» Given records
- - -

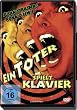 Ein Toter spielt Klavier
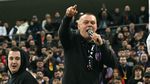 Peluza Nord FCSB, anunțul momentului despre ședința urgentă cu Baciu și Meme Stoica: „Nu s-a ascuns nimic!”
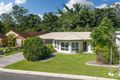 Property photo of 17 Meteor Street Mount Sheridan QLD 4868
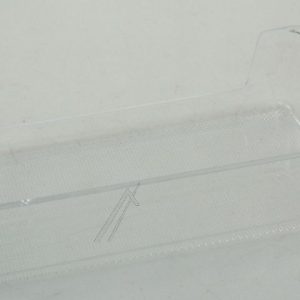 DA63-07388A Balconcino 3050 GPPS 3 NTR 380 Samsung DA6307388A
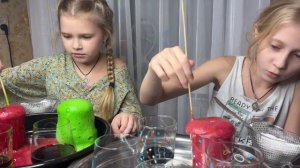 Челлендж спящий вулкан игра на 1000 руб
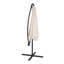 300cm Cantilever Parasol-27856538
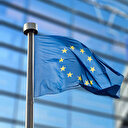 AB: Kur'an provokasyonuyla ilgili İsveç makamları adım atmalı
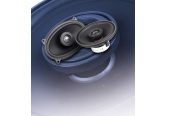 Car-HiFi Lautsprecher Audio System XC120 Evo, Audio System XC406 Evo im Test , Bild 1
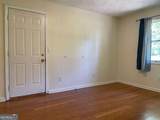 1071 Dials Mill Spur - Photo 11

- - -

Pictures aside, write out all of the records exactly.

» Answer space
 Ein Toter spielt Klavier
 Peluza Nord FCSB, anunțul momentului despre ședința urgentă cu Baciu și Meme Stoica: „Nu s-a ascuns nimic!”
 Property photo of 17 Meteor Street Mount Sheridan QLD 4868
 DA63-07388A Balconcino 3050 GPPS 3 NTR 380 Samsung DA6307388A
 Челлендж спящий вулкан игра на 1000 руб
 300cm Cantilever Parasol-27856538
 AB: Kur'an provokasyonuyla ilgili İsveç makamları adım atmalı
 Car-HiFi Lautsprecher Audio System XC120 Evo, Audio System XC406 Evo im Test , Bild 1
 1071 Dials Mill Spur - Photo 11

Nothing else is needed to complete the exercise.